In 3:18—just a few verses before the “day by day” of 4:16—Paul notes that “. . . we all, with unveiled face, beholding the glory of the Lord,are being transformed into the same image from one degree of glory to another. For this comes from the Lord who is the Spirit.”
I found the comments of Colin G. Kruse so helpful that I copied and pasted them below, even though I generally hate long quotes.
“And we all … are being changed into his likeness from one degree of glory to another. It is important to note that the changing into his likeness takes place not at one point of time, but as an extended process. The verb metamorphoumetha (‘we are being changed’) is in the present tense, indicating the continuous nature of the change, while the words from one degree of glory to another stress its progressive nature. The verb metamorphoō is found in three other places only in the New Testament. It is used to describe Jesus’ transfiguration in Matthew 17:2 and Mark 9:2, and Paul uses it in Romans 12:2 to denote moral transformation (‘Do not be conformed to this world but be transformed by the renewal of your mind’).

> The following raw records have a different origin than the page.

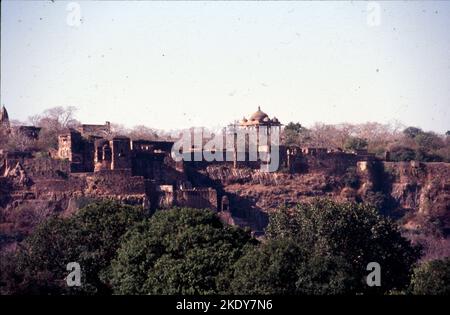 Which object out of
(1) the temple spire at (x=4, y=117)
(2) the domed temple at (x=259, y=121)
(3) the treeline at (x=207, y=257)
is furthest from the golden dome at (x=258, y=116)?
(3) the treeline at (x=207, y=257)

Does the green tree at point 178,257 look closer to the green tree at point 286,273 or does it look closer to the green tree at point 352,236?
the green tree at point 286,273

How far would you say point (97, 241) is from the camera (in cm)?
3094

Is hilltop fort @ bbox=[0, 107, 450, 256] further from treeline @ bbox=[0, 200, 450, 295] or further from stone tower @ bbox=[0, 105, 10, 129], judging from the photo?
treeline @ bbox=[0, 200, 450, 295]

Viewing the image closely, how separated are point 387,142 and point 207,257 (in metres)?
37.8

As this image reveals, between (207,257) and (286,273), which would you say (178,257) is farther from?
(286,273)

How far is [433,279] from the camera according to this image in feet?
87.2

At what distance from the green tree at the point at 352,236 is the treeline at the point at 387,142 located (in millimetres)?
23416

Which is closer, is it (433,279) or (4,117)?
(433,279)

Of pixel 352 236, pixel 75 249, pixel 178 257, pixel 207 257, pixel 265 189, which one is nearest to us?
pixel 207 257

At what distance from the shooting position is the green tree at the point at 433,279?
86.1ft

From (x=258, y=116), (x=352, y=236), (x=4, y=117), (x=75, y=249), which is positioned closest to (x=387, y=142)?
(x=258, y=116)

Paul speaks often of the transformation of believers in other passages, though words other than metamorphoō are employed. In some cases he has in mind the future transformation of believers’ bodies to be like Christ’s glorious body (1 Cor. 15:51–52; Phil. 3:21). In other cases it is clearly a present moral transformation that is in view (Rom. 6:1–4; 2 Cor. 5:17; Gal. 6:15). The Old Testament prophets who spoke beforehand of the new covenant certainly anticipated a moral transformation of those who were to experience its blessings (Jer. 31:33; Ezek. 36:25–27), and Paul saw this expectation fulfilled in the lives of his converts (1 Cor. 6:9–11; 2 Cor. 3:3). These last references, together with Romans 12:2 cited above, provide the clue to Paul’s meaning in the present context. The continuous and progressive transformation by which believers are changed from one degree of glory to another is the moral transformation which is taking place in their lives so that they approximate more and more to the likeness of God expressed so perfectly in the life of Jesus Christ.”[1]
So, rather than simply wishing you a happy New Year (which I do!), let me give you an even deeper wish: May you have a happy new day!
[1] Colin G. Kruse, 2 Corinthians: An Introduction and Commentary, TNTC 8; IVP/Accordance electronic ed. (Downers Grove: InterVarsity Press, 1987), 101-102.